As discussed in more detail under "Part I - Item 1 - Business - Government Regulation" contained in our Annual Report on Form 10-K, our operations in Europe are affected by foreign statutes, rules and regulations regarding debt collection and debt purchase activities. These statutes, rules, regulations, ordinances, guidelines and procedures are modified from time to time by the relevant authorities charged with their administration, which could affect the way we conduct our business.

**Portfolio Purchasing and Recovery**

***MCM (United States)***

In the United States, the defaulted consumer receivable portfolios we purchase are primarily charged-off credit card debt portfolios. A small percentage of our capital deployment in the United States is comprised of unsecured personal loans.

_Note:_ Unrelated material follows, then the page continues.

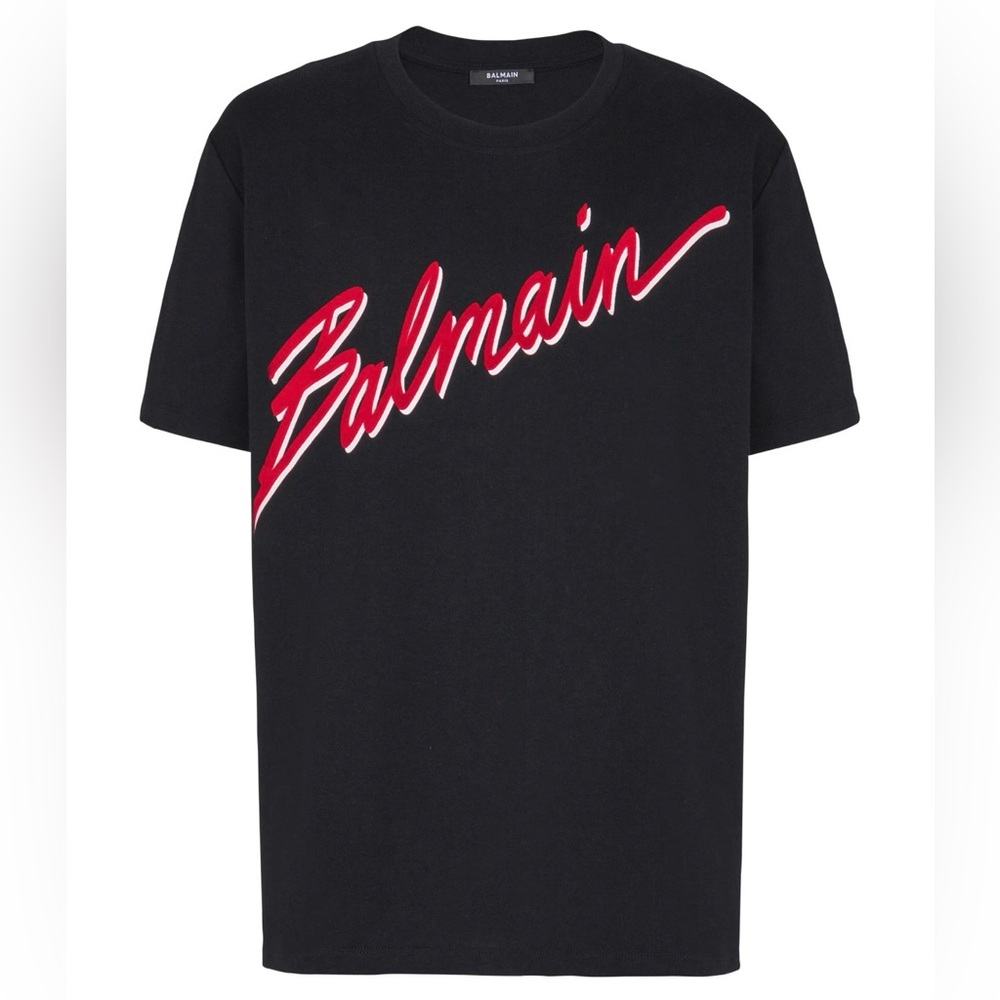 Balmain Black T-Shirt with Red Logo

We purchase receivables based on robust, account-level valuation methods and employ proprietary statistical and behavioral models across our U.S. operations. These methods and models generally allow us to value portfolios accurately (limiting the risk of overpaying), avoid buying portfolios that are incompatible with our methods or strategies and align the accounts we purchase with our business channels to maximize future collections. As a result, we have generally been able to realize significant returns from the receivables we acquire. We maintain strong relationships with many of the largest financial service providers in the United States.

***Cabot (Europe)***

In Europe, our purchased defaulted debt portfolios primarily consist of credit card and consumer loan accounts. We purchase receivable portfolios using proprietary pricing models that utilize account-level statistical and behavioral data. These models generally allow us to accurately value portfolios and to develop collection strategies that maximize future returns. As a result, we have generally been able to realize significant returns from the assets we have acquired. We maintain strong relationships with many of the largest financial services providers in the United Kingdom and Europe.

**Purchases and Collections**

***Portfolio Pricing, Supply and Demand***

***MCM (United States)***

With lending and charge-off rates remaining near recent peak levels, U.S. portfolio supply continues to be robust. Issuers have continued to sell predominantly fresh portfolios. Fresh portfolios are portfolios that are generally sold within six months of the consumer's account being charged-off by the financial institution. Pricing in the first quarter remained at favorable levels as a result of elevated market supply. Issuers continue to sell their volume in mostly forward flow arrangements that are often committed early in the calendar year. We believe steady lending and delinquency rates at elevated levels will result in stable and strong market supply.

We believe that smaller competitors continue to face difficulties in the portfolio purchasing market because of the high cost to operate due to regulatory pressure and increasing cost of capital. We believe this favors larger participants, like MCM, because the larger market participants are better able to adapt to these pressures and commit to larger forward flow agreements and fluctuating volumes.

***Cabot (Europe)***

The UK market for charged-off portfolios generally provides a relatively consistent pipeline of opportunities, despite a historically low level of charge-offs, as creditors have embedded debt sales as an integral part of their business models.

France and Spain continue to be two of the largest non-performing loan markets in Europe with significant portfolio sales. Financial institutions continue to look to dispose of non-performing loans in these markets.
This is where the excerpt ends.